Lutter contre les déserts médicaux
Mais le gros morceau de la stratégie nationale de santé sera de faire reculer les déserts médicaux et d’améliorer l’accès aux soins des Français, fragilisé par une démographie médicale qui connaitra un déclin marqué jusqu’en 2025, selon les experts du Conseil national de l’Ordre des Médecins. Car en la matière, les problèmes sont devant nous. La population des médecins généralistes va continuer à diminuer du fait du départ à la retraite des enfants du baby-boom des années 50. A ce jour, différents rapports estiment déjà que 8% de la population (5,3 millions d’habitants) vit dans un désert médical et n’a plus réellement accès facilement à un médecin dans notre pays. « La stratégie nationale de santé n’a d’intérêt que si les professionnels sont actifs au niveau local pour la mettre en œuvre au plus près des populations. C’est au quotidien et sur le terrain que le sens de l’action doit être trouvé, partagé », a encore fait savoir la ministre.

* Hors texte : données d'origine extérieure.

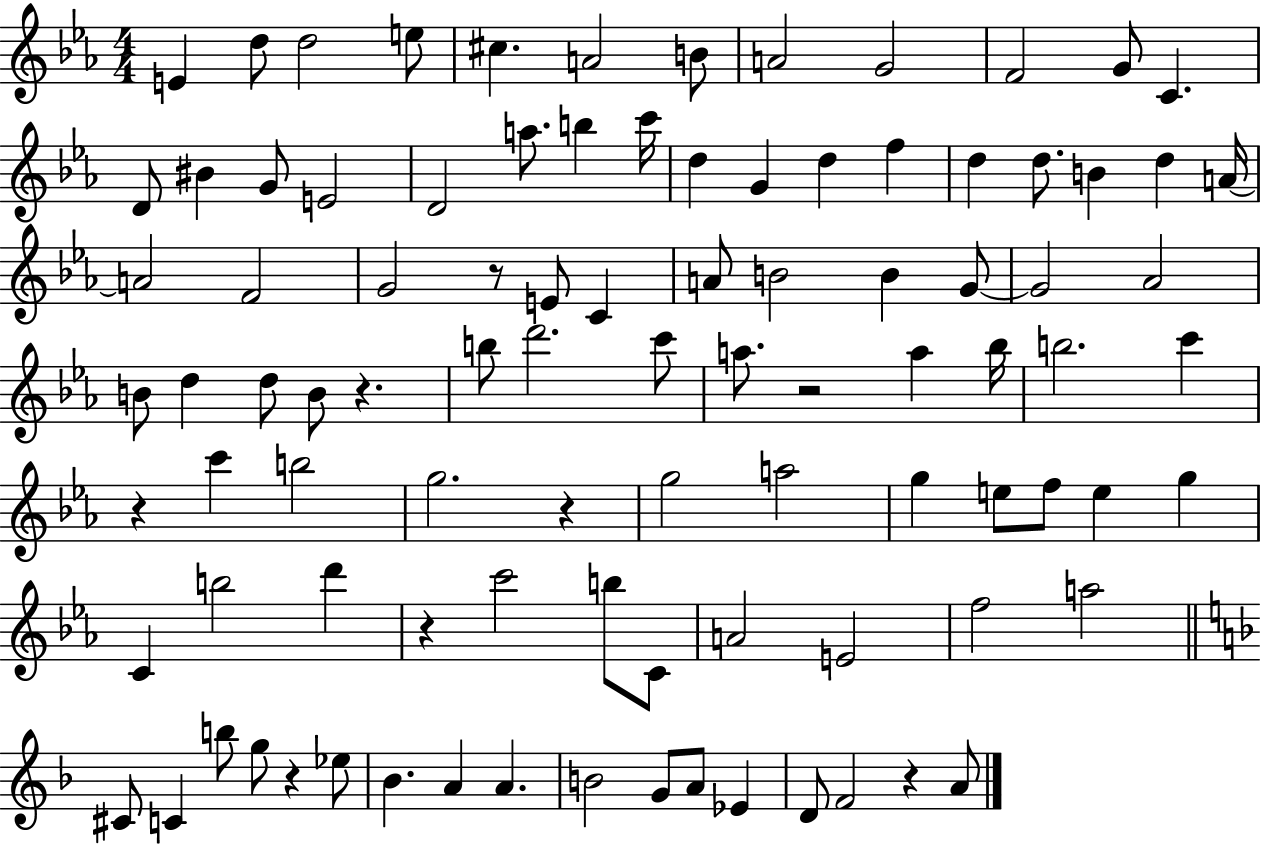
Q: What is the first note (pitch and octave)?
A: E4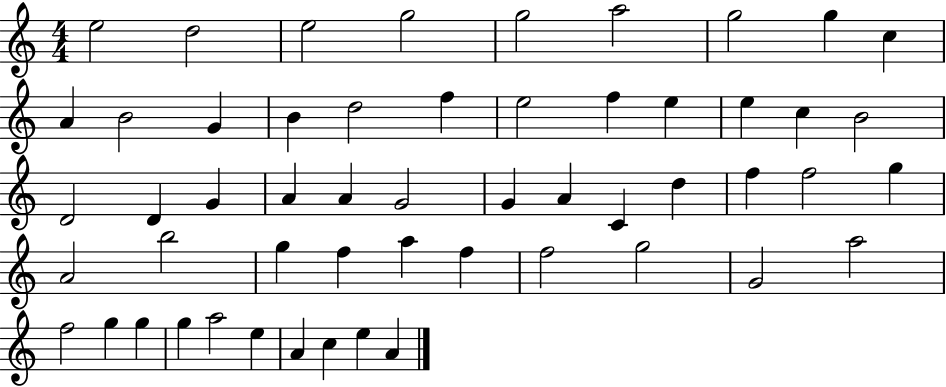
{
  \clef treble
  \numericTimeSignature
  \time 4/4
  \key c \major
  e''2 d''2 | e''2 g''2 | g''2 a''2 | g''2 g''4 c''4 | \break a'4 b'2 g'4 | b'4 d''2 f''4 | e''2 f''4 e''4 | e''4 c''4 b'2 | \break d'2 d'4 g'4 | a'4 a'4 g'2 | g'4 a'4 c'4 d''4 | f''4 f''2 g''4 | \break a'2 b''2 | g''4 f''4 a''4 f''4 | f''2 g''2 | g'2 a''2 | \break f''2 g''4 g''4 | g''4 a''2 e''4 | a'4 c''4 e''4 a'4 | \bar "|."
}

Elle a rappela la volonté du gouvernement de doubler le nombre de maisons de santé (910 maisons de santé pluri-professionnelles et 334 projets en cours de réalisation en mars 2017, selon un rapport du Sénat[2]), l’extension des zones qui offrent des aides à l’installation des médecins (déjà nombreuses), la création de 300 postes partagés de médecins généralistes entre l’hôpital et la campagne ou encore des incitations fiscales en direction des médecins acceptant de reporter leur départ à la retraite. Toutes choses qui ont largement été préconisées dans le récent avis du Conseil Economique Social et Environnemental (2), saisi par le gouvernement sur la question des déserts médicaux et qui a avancé 10 propositions pour y répondre. « Le problème des déserts médicaux se pose dès maintenant et deviendra critique dans les années qui viennent si rien n’est fait, note le CESE. Même l’amélioration de la démographie médicale, à partir de 2025, ne suffira pas à résorber les déserts médicaux en l’absence d’une meilleure répartition des effectifs. » « La diminution des effectifs de médecins généralistes libéraux a été de 13 % entre 2007 et 2016 et serait encore de 15 % entre 2016 et 2025. De même, le nombre de certains médecins spécialistes en accès direct diminuerait de 20 % entre 2012 et 2025. » Ce constat a déjà été établi en 2003 et il est donc connu depuis 15 ans, voire plus. On a peine à comprendre pour quelles raisons, les gouvernement qui se sont succédés depuis deux décennies ont tant tardé à lui apporter une réponse.
Jean-Jacques Cristofari
(1) Le Plan[3] prévoit ainsi 4,9 milliards d’euros pour accélérer la numérisation du système de santé et de cohésion sociale. Il s’agit notamment de développer les maisons de santé dans les territoires en manque de médecins, de moderniser les équipements hospitaliers et de soutenir la recherche médicale.
(2) Cf. « Les déserts médicaux[4] », avis du CESE, décembre 2017.